In the early 21st century, members of the Order of Moloch found the fabled Maw of the Sleepers, the original Well of Sacrifice, in the ruins of the city of the First Tribe. Thought destroyed many thousands of years ago, the well was instead pulsating with dark power. Something was inside, was immeasurably evil, and was gestating. Only a single Molochite escaped to warn the Order, and she had gone insane and quickly succumbed to the Beast, forcing the Order to destroy her. That the Maw of the Sleepers still existed was terrifying and the ramifications beyond dire. Sahar-Hannibaal decided the Order lacked the power to defend the world from such a threat and something drastic had to be done.
Joining the Tal'Mahe'RaEdit
The leader of the Order of Moloch willingly revealed and surrendered himself to the Tal'Mahe'Ra. Sahar-Hannibal demanded to be brought before the Seraphim of the sect, and readily accepted being staked and thaumaturgically bound by the shakari. After numerous interrogations, he was brought before the masters of the True Black Hand. He revealed to them that the Maw of the Sleepers was active again, building up dark power similar in nature to those of Knossos and Chorazin. He begged the Tal'Mahe'Ra to investigate and promised to cast his own Order behind them. The following debate was vicious, involving numerous qadi and rawis. It ended when Izhim ur-Baal interviewed Sahar-Hannibaal in private and returned to support the Order of Moloch joining the True Black Hand.
The Tal'Mahe'Ra's conditions were severe. Sahar-Hannibaal was blood bonded to the Del'Roh and given numerous thaumaturgical safeguards that eternally bind him to Izhim ur-Baal. He now lives in Enoch in the Underworld as an advisor to the Del'Roh and a Dominion of the True Black Hand. In actuality he is a highly valued prisoner, watched at all times and able to explore only some of the city. His unlife is entirely dependant on the trust of the Del'Roh and Izhim ur-Baal. Many members of the sect, most notably the Seraph Phaedyme, would prefer to destroy him with prejudice.

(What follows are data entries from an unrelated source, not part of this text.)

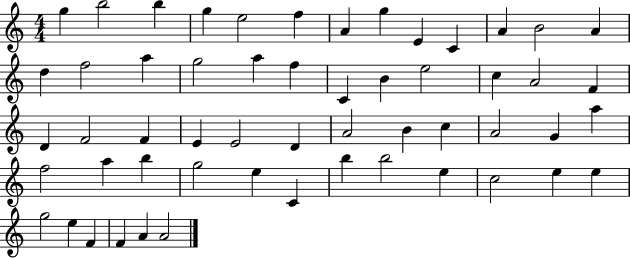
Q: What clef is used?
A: treble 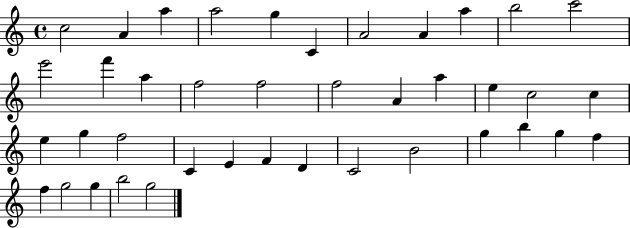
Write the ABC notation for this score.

X:1
T:Untitled
M:4/4
L:1/4
K:C
c2 A a a2 g C A2 A a b2 c'2 e'2 f' a f2 f2 f2 A a e c2 c e g f2 C E F D C2 B2 g b g f f g2 g b2 g2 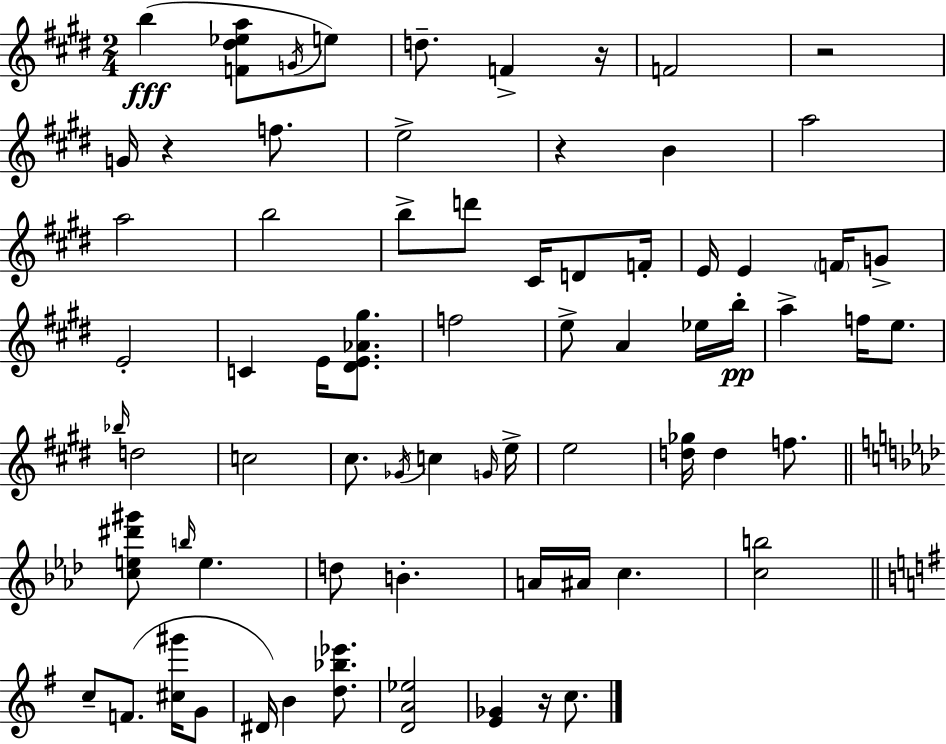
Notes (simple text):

B5/q [F4,D#5,Eb5,A5]/e G4/s E5/e D5/e. F4/q R/s F4/h R/h G4/s R/q F5/e. E5/h R/q B4/q A5/h A5/h B5/h B5/e D6/e C#4/s D4/e F4/s E4/s E4/q F4/s G4/e E4/h C4/q E4/s [D#4,E4,Ab4,G#5]/e. F5/h E5/e A4/q Eb5/s B5/s A5/q F5/s E5/e. Bb5/s D5/h C5/h C#5/e. Gb4/s C5/q G4/s E5/s E5/h [D5,Gb5]/s D5/q F5/e. [C5,E5,D#6,G#6]/e B5/s E5/q. D5/e B4/q. A4/s A#4/s C5/q. [C5,B5]/h C5/e F4/e. [C#5,G#6]/s G4/e D#4/s B4/q [D5,Bb5,Eb6]/e. [D4,A4,Eb5]/h [E4,Gb4]/q R/s C5/e. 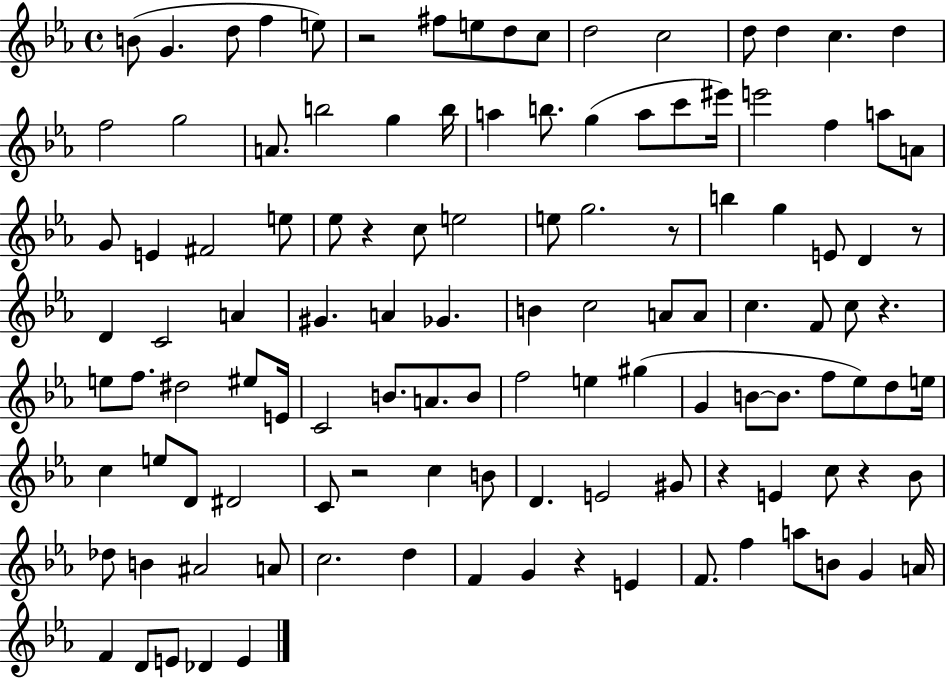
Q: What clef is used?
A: treble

Canvas of the Great Dark MotherEdit
While reading a novel, Sahar-Hannibaal discovered three pages glued into the binding. The text on the pages was written in Nabataean, but the words themselves were in no language he had ever encountered. The only clue was the sigil of the Bahari at the bottom. Many nights of research led to no results, and at one point Hannibaal simply spoke the text aloud phonetically. Shortly thereafter he collapsed into torpor for three days.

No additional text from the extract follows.